One-shot Imitation Learning (OSIL) is a technique that allows AI to learn a new task by watching just one example. Normally, teaching AI in this way requires a huge number of examples, each showing different ways to do the same task, which is not practical. To make this more feasible, the researchers propose a new method where the AI learns from a large collection of examples without specific labels, combined with a small set of labeled examples. They developed an algorithm that helps the AI group similar tasks together, allowing it to create its own labeled examples from the large, unlabeled dataset. Their tests showed that this approach can be just as effective as using fully labeled data, making it a big step forward in teaching AI with fewer labels.

🤯 Today I Learned

Every issue, we highlight new AI concepts and terminology to help educate our readers. This issue we learned about:

Contrastive Language-Image Pretraining (CLIP)

CLIP (Contrastive Language-Image Pretraining) is a model developed by OpenAI that can understand and relate images and text in a highly sophisticated way.
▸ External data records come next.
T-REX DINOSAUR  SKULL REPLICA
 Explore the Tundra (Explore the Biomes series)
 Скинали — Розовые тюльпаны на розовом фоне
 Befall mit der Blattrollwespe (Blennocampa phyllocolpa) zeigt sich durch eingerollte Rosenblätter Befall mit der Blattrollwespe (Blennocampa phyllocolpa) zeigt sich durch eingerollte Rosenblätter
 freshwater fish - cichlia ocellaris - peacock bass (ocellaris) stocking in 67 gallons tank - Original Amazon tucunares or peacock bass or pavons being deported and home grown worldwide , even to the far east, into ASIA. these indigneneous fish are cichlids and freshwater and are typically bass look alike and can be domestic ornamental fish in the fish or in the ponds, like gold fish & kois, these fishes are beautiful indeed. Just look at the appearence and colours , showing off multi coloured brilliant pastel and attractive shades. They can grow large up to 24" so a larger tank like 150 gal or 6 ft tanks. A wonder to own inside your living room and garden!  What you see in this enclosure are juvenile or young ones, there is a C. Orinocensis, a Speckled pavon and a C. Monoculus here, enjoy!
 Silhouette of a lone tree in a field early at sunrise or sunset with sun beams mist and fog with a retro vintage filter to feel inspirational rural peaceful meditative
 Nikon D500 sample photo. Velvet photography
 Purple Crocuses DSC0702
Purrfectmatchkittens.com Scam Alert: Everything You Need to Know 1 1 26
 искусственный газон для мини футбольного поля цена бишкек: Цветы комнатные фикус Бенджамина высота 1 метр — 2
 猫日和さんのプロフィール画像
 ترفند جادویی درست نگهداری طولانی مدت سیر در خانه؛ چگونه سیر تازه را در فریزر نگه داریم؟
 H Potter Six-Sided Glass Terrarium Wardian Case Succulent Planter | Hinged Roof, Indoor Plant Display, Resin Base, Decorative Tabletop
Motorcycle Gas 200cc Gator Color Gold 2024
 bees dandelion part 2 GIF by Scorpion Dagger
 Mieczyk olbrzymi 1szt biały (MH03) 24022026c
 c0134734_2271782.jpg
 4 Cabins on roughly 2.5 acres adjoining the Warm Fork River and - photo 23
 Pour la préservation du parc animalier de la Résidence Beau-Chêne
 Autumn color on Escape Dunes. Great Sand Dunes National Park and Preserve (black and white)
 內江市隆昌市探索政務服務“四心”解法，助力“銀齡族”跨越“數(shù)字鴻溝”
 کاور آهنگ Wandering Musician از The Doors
CLIP is designed to learn visual concepts from natural language descriptions, making it possible to perform tasks like image classification, object recognition, and even generating textual descriptions of images without being explicitly trained on specific datasets for those tasks.

Prompts Made Easy (PEZ)

PEZ (Prompts Made Easy) is a method designed to optimize "hard prompts," which are specific, interpretable prompts used to guide models like CLIP (Contrastive Language-Image Pretraining). Traditional hard prompts are manually crafted and can be challenging to create effectively. PEZ automates this process by discovering optimal prompts through a gradient-based optimization method.

The PEZ approach is beneficial for both language and vision-language models, allowing users to generate and fine-tune prompts that effectively direct the model's outputs. This technique improves the efficiency and effectiveness of prompt engineering, making it easier for users to leverage AI models for various tasks without requiring deep expertise in crafting prompts.

Quantized Low-Rank Adaptation (QLoRA)

QLoRA (Quantized Low-Rank Adaptation) is a technique for efficiently fine-tuning large language models. It combines quantization, which reduces the precision of model weights to save memory, with Low-Rank Adaptation (LoRA), which fine-tunes the model using fewer parameters. This approach makes it possible to fine-tune large models on smaller hardware, like consumer GPUs, without significant performance loss, making large-scale models more accessible for specific tasks.

Instruction Fine-Tuning

Instruction fine-tuning is a technique used to train large language models to better understand and follow specific instructions given by users. It involves fine-tuning a model on a dataset of examples where the input includes a clear instruction and the output is the model's expected response. This process helps the model learn how to interpret and respond accurately to various prompts or commands, improving its ability to perform specific tasks, answer questions, or generate content based on user instructions. The result is a model that is more aligned with user intentions and can handle a wider range of tasks more effectively.

One-shot Imitation Learning (OSIL)

One-Shot Imitation Learning is a machine learning approach where an AI agent learns to perform a new task by observing a single demonstration of that task. Unlike traditional learning methods that require many examples to learn a task effectively, one-shot imitation learning allows the model to generalize from just one example.